Would you write out the listing verbatim and skip every picture in it?

Recorded information:
BEGIN
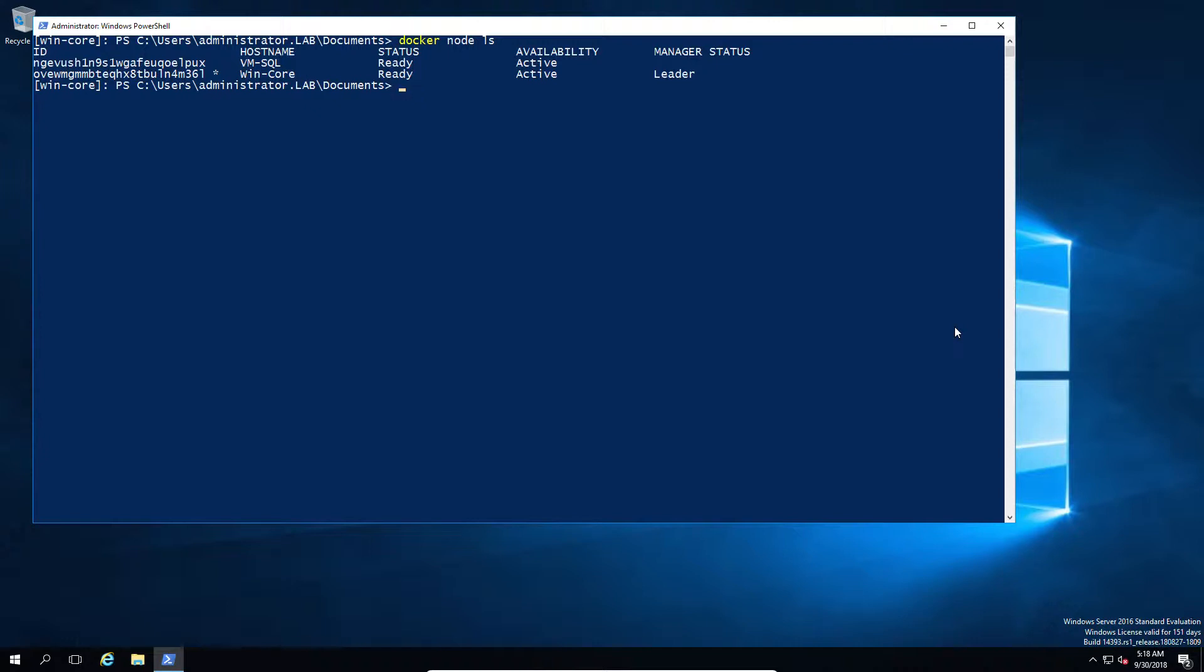So we now have one Windows machine and one Linux machine. Not a very big swarm, but it's enough to get started, and we can start doing some more interesting tasks at this point. So we now have one OS of each, and we can also run some additional interesting commands.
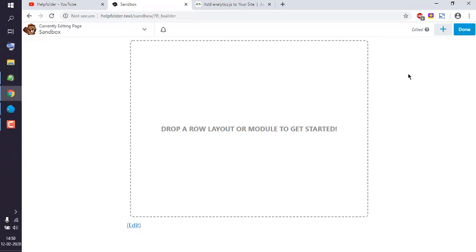That will apply it to the entire site. So you get the idea how to add Google Analytics to your WordPress website using this builder.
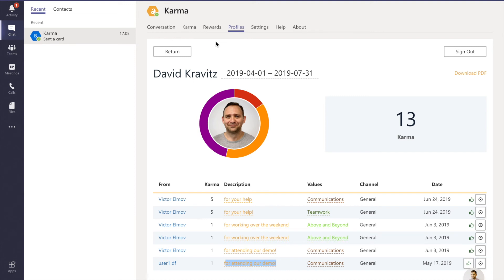Then you have this nice dashboard where you can control all the settings and where you have nice rewards, great profiles, and the leaderboard. Thanks guys!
END
Exercise response:
So we now have one Windows machine and one Linux machine. Not a very big swarm, but it's enough to get started, and we can start doing some more interesting tasks at this point. So we now have one OS of each, and we can also run some additional interesting commands.
That will apply it to the entire site. So you get the idea how to add Google Analytics to your WordPress website using this builder.
Then you have this nice dashboard where you can control all the settings and where you have nice rewards, great profiles, and the leaderboard. Thanks guys!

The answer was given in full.